§ STUDY MATERIAL

====

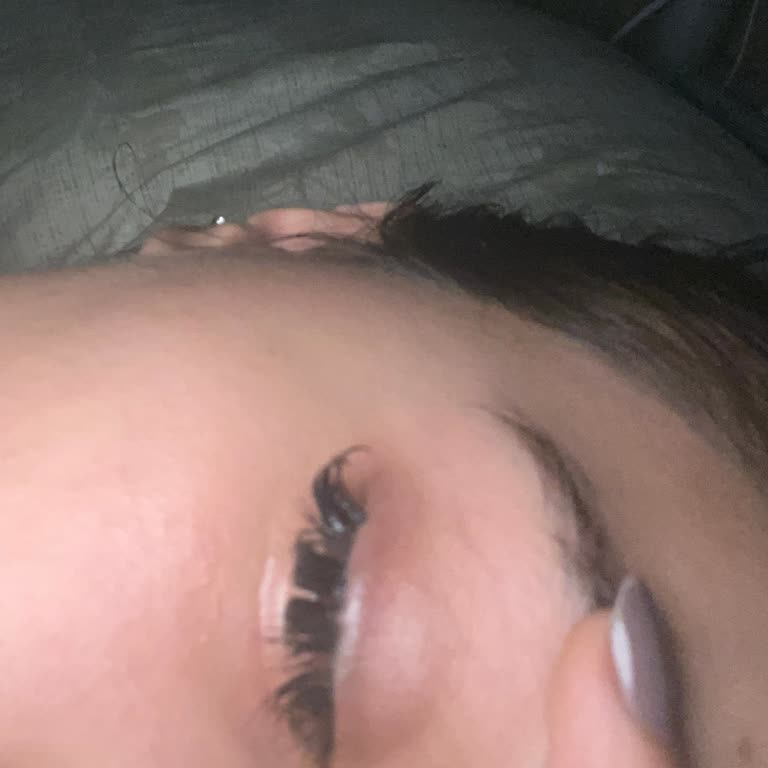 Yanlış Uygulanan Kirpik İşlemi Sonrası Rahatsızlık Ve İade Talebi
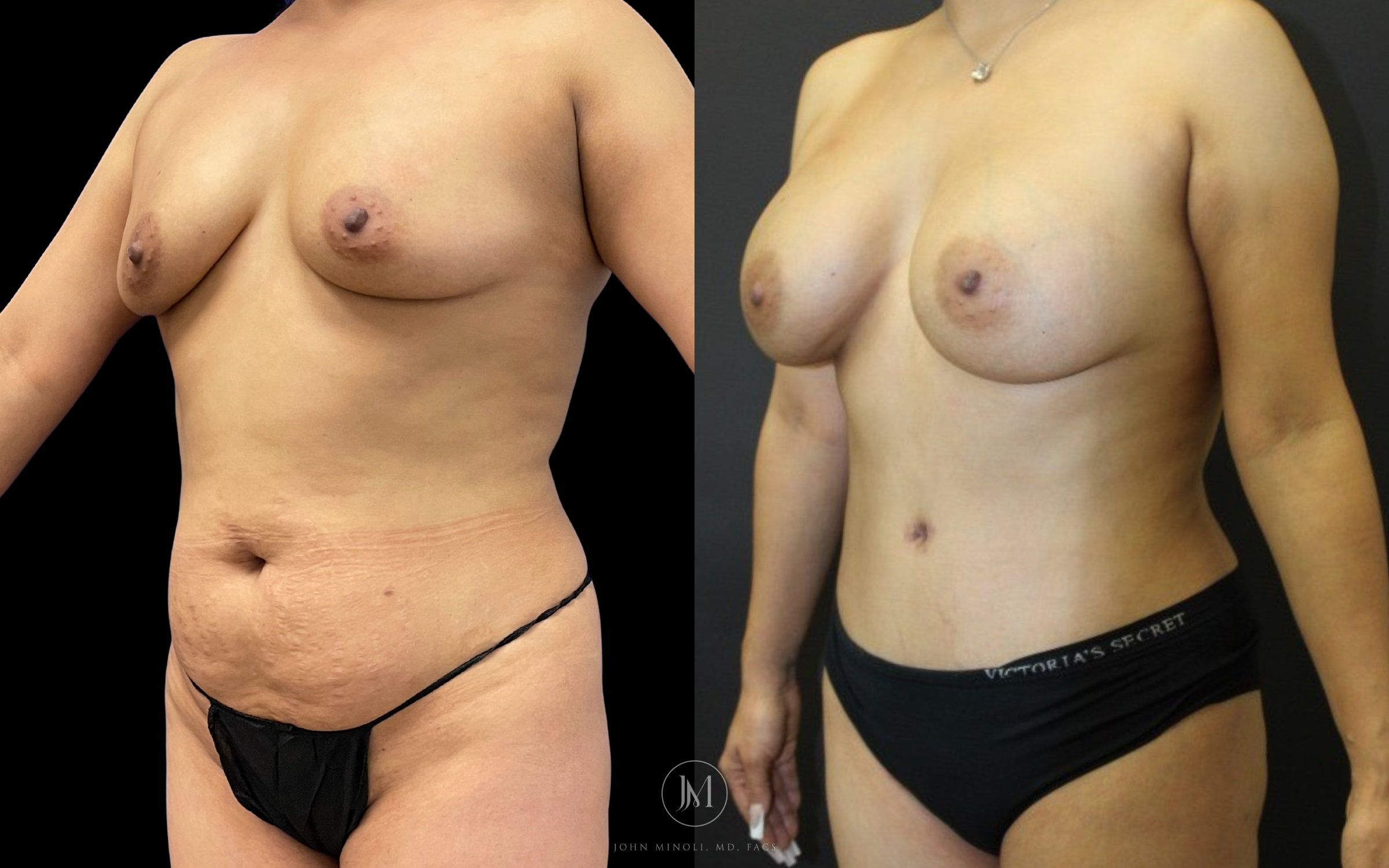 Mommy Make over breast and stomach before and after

====

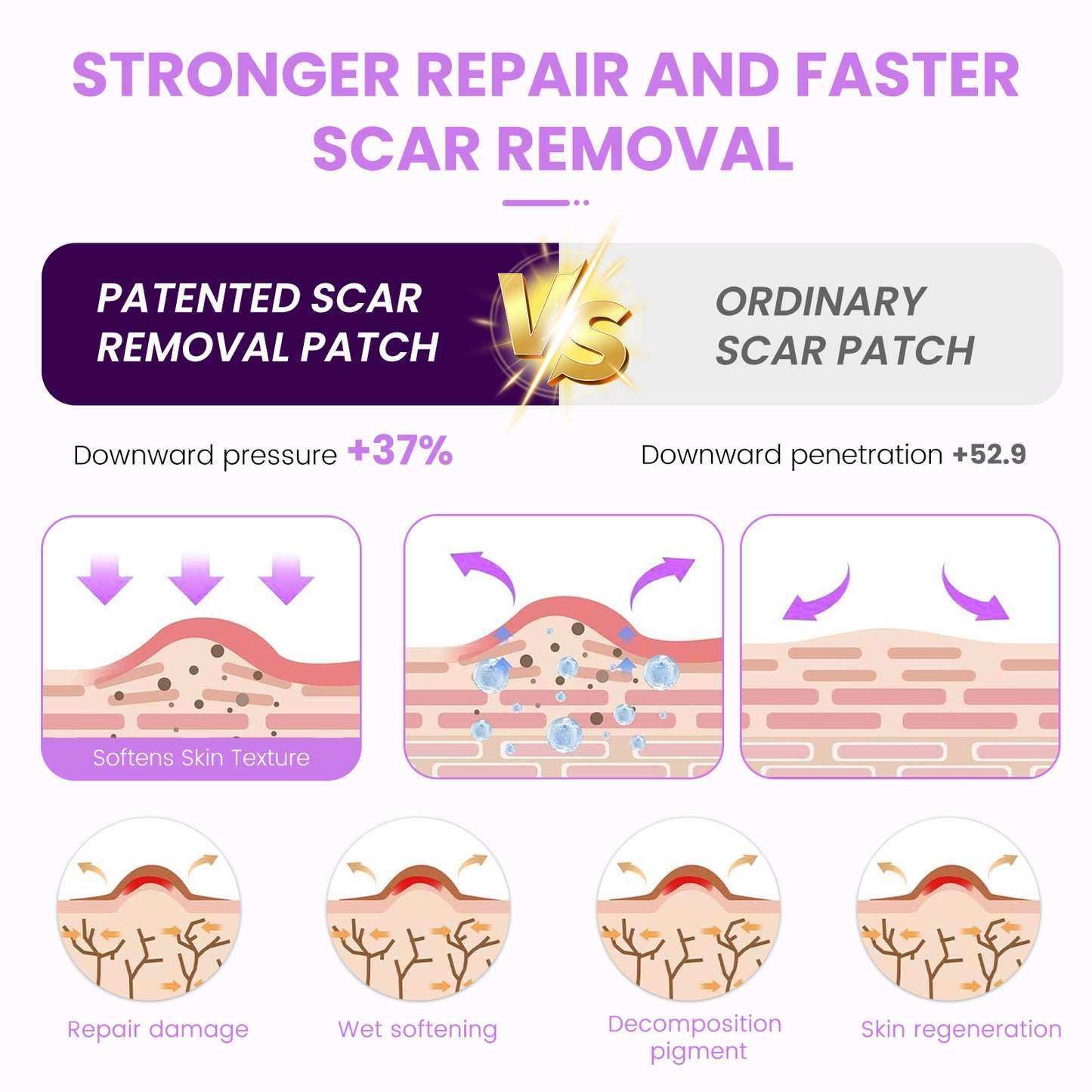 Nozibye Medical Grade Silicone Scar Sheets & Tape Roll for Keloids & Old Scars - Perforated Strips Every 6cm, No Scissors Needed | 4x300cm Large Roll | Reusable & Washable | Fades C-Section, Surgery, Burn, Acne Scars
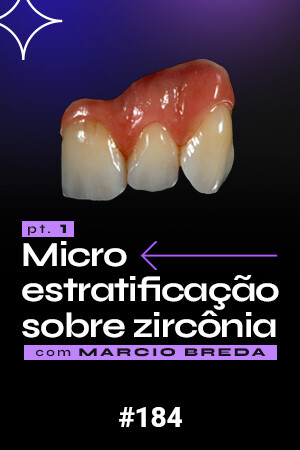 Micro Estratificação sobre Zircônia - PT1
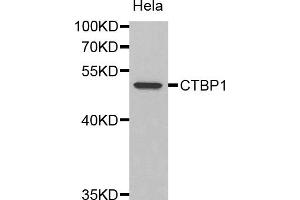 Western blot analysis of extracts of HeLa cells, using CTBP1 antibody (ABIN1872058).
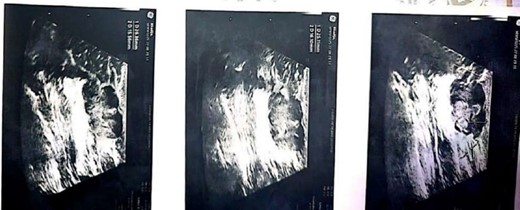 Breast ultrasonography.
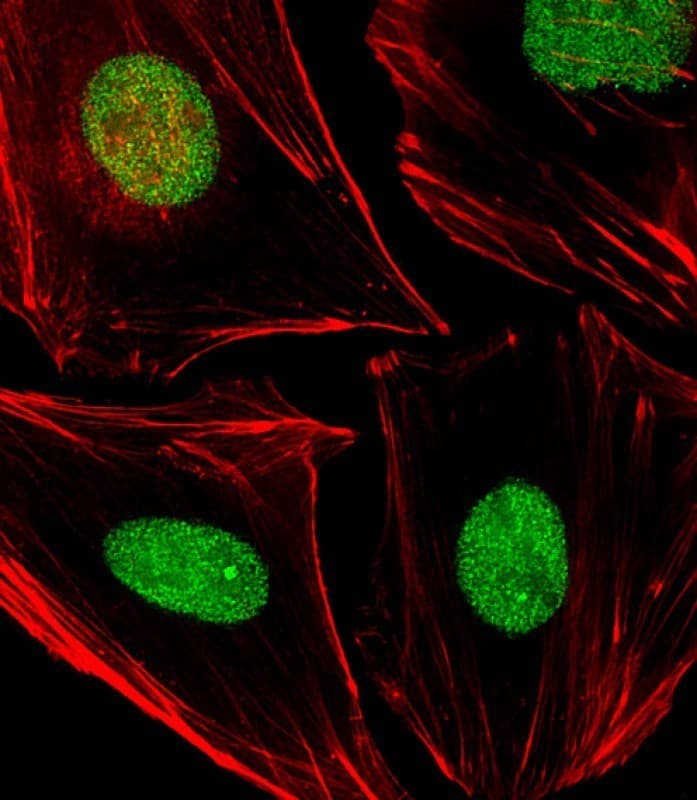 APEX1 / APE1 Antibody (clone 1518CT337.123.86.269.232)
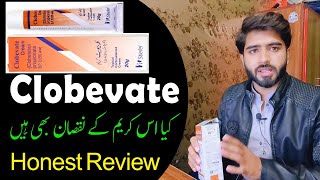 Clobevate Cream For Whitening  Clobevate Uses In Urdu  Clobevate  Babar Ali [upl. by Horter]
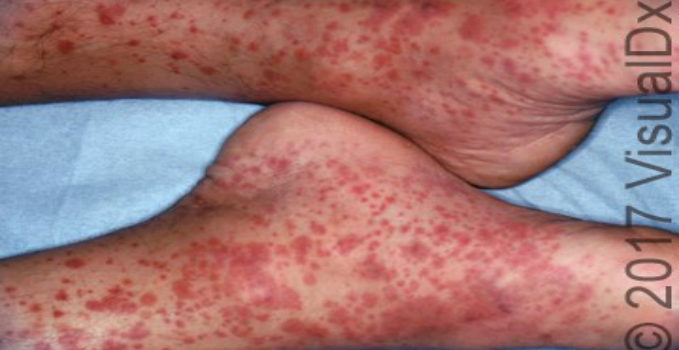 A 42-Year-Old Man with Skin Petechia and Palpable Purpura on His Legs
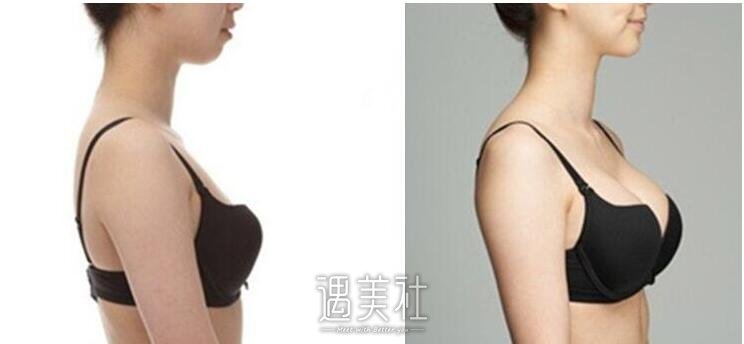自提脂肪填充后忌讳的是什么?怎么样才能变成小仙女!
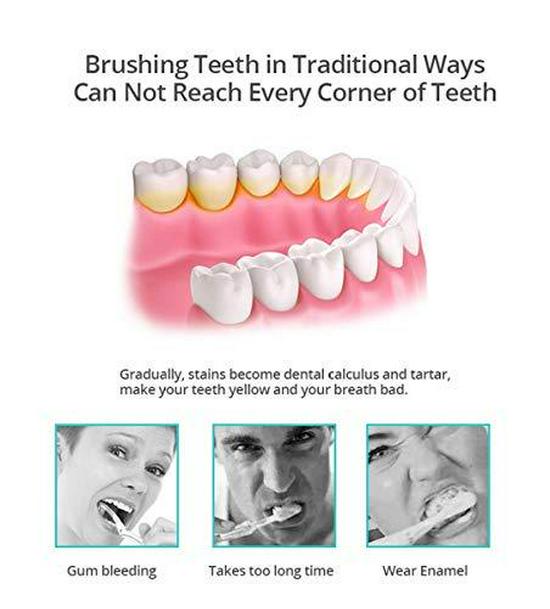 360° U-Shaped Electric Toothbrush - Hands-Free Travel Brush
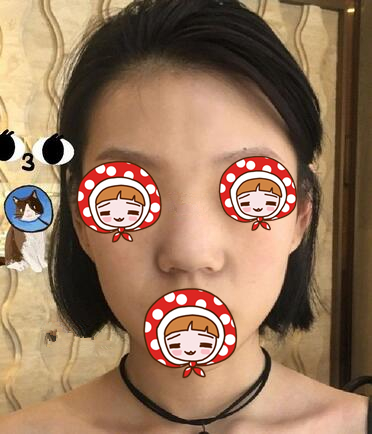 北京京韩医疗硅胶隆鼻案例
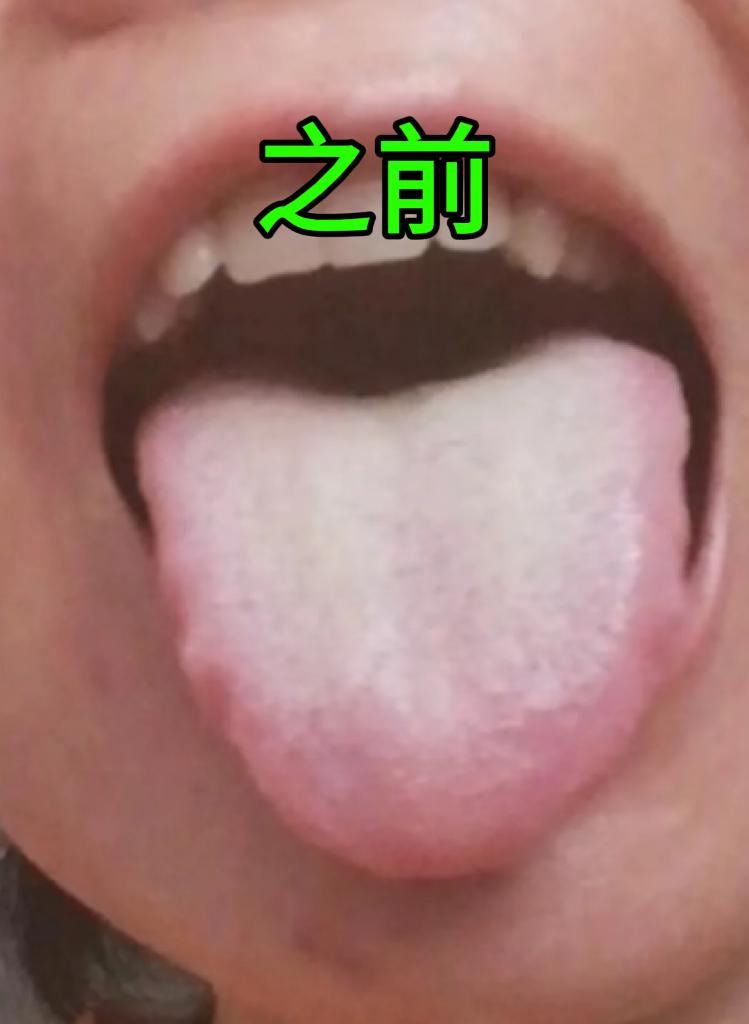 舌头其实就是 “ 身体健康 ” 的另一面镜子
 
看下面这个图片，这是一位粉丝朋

====

§ WORK INSTRUCTIONS
An exact copy is needed of the stretch above that opens with the line containing "A 42-Year-Old Man" and closes with the line containing "看下面这个图片，这是一位粉丝朋"; the pictures are not part of it.

§ ANSWER AREA
 A 42-Year-Old Man with Skin Petechia and Palpable Purpura on His Legs
自提脂肪填充后忌讳的是什么?怎么样才能变成小仙女!
 360° U-Shaped Electric Toothbrush - Hands-Free Travel Brush
 北京京韩医疗硅胶隆鼻案例
 舌头其实就是 “ 身体健康 ” 的另一面镜子
 
看下面这个图片，这是一位粉丝朋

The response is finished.